У дверей во внутренние покои монарха, застыв, как деревянные, стояли два стража. На скамье у окна дремал дежурный мальчик-паж.
Аганон согнал его. Сел, упершись подбородком в сплетенные пальцы рук. Его разбирали любопытство и досада. Король, его душка Карл, несмотря на все влияние, какое он, Аганон, приобрел над ним, все же более доверял своему канцлеру, нежели любимцу. Но Аганон обладал умом и мог объяснить, на чем зиждется это предпочтение. У короля и его канцлера были общие интересы – двух наделенных могуществом людей, поддерживающих один другого, дабы сохранить это могущество под напором самых влиятельных феодалов.

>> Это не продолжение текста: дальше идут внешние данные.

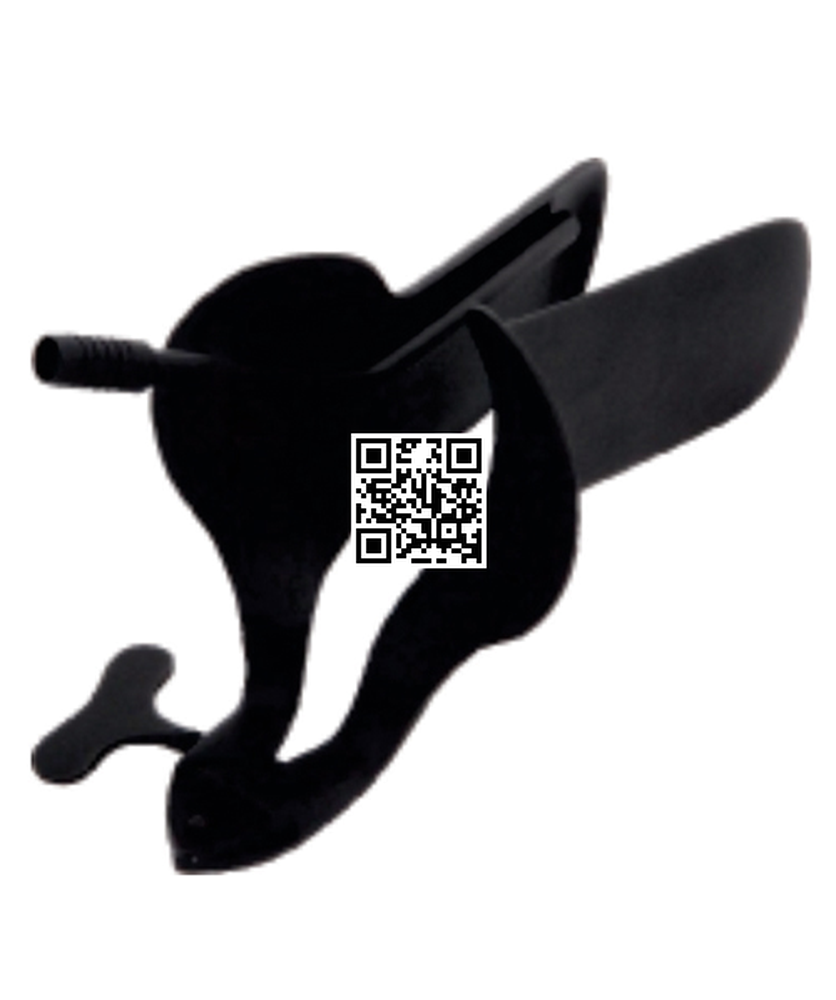 72-12172-00 Collin Vaginal Speculum with Smoke Evacuation Tube Stainless Steel OB/GYN Surgical Instruments Black Nylon Coated
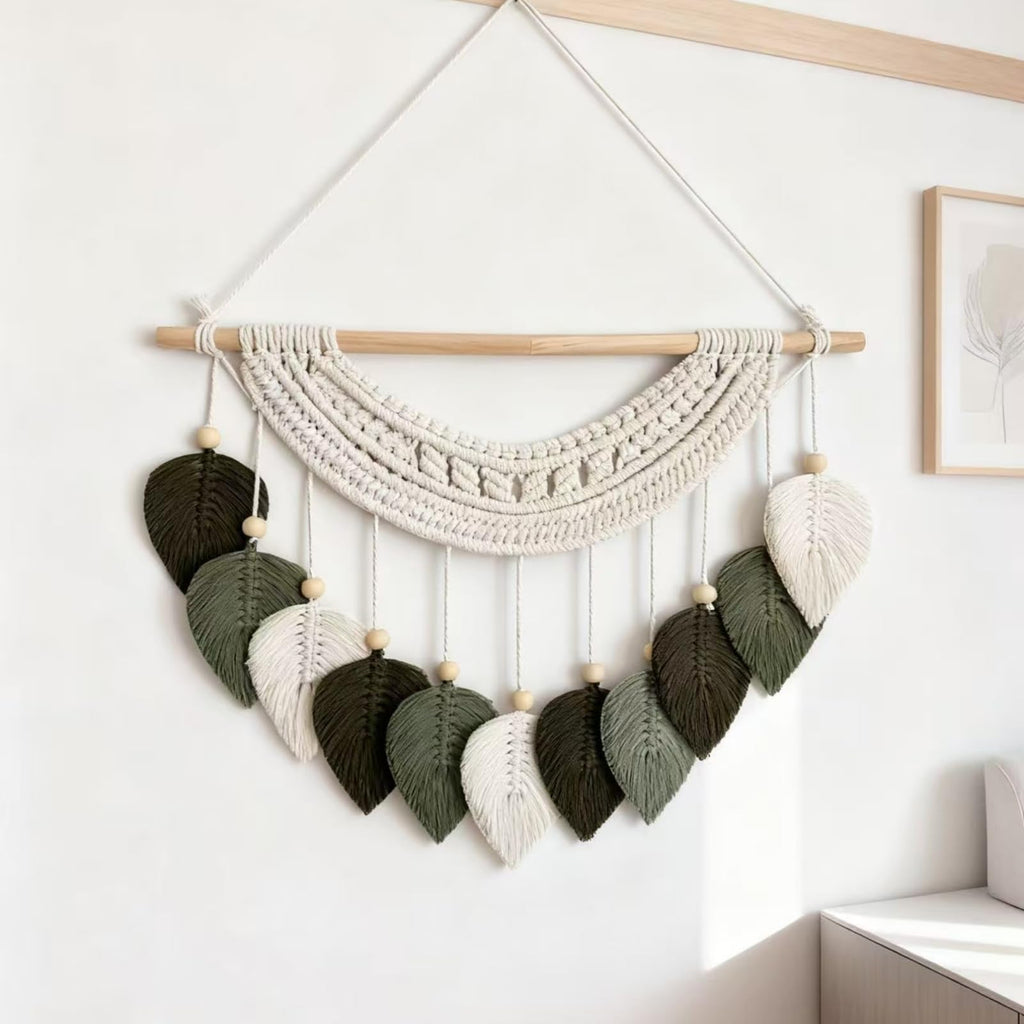 Macrame Wall Hanging Tapestry Boho Wall Decor Wall Art Decorations Home Backdrop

Он же, Аганон, возвысился лишь за счет содомских склонностей короля, к тому же он сам был родом из Лотарингии, и с Карлом его свел тот самый Ренье Длинная Шея, о котором так горячо спорили за дверью монарх и его канцлер. Аганон и сам понимал, какой рискованный шаг сделал Карл, пообещав не препятствовать браку герцога Ренье с этой, Бог весть откуда возникшей законной дочерью прежнего короля и Теодорады Каролинг. Ибо еще оставались прежние сторонники династии Эда, для которых Эмма имела даже более прав на корону, нежели сам Карл.
Но Эмма была женщиной, и хотя по Саническому закону франков земельное наследие не передавалось по женской линии, но никто не мог лишить Эмму титула дочери короля, и этот титул – принцессы, наследницы трона – она могла передать по наследству. Однако Аганон понимал, что Карл что-то задумал, он заприметил это еще, когда два года назад Ренье потребовал от Карла поклясться, что тот готов отдать ему Эмму.
Аганон это видел по бегающим глазам Карла, по его насмешливой улыбке. И был обижен, что Карл скрывает от него свои замыслы. Ибо сам он уже порвал с Ренье, так как милости, какими он был осыпан при короле, заставили его начисто забыть о прежнем патроне и отказаться от службы соглядатая, какую Ренье явно от него ожидал. Зачем ему теперь Ренье? Аганон уже давно знал, что такое понятие, как благодарность, не входит в число добродетелей герцога по прозвищу Длинная Шея.
Мысли Аганона прервались, когда он услышал взрыв хохота за дверью. Просто удивительно, какой громкий смех был у достойного Геривея – словно минутами редкого веселья тот компенсировал долгое время сдержанной суровости. А Карл хохотал визгливо, как женщина. Его смех был совсем плебейским, недостойным потомка великих монархов, с которыми считался даже Рим.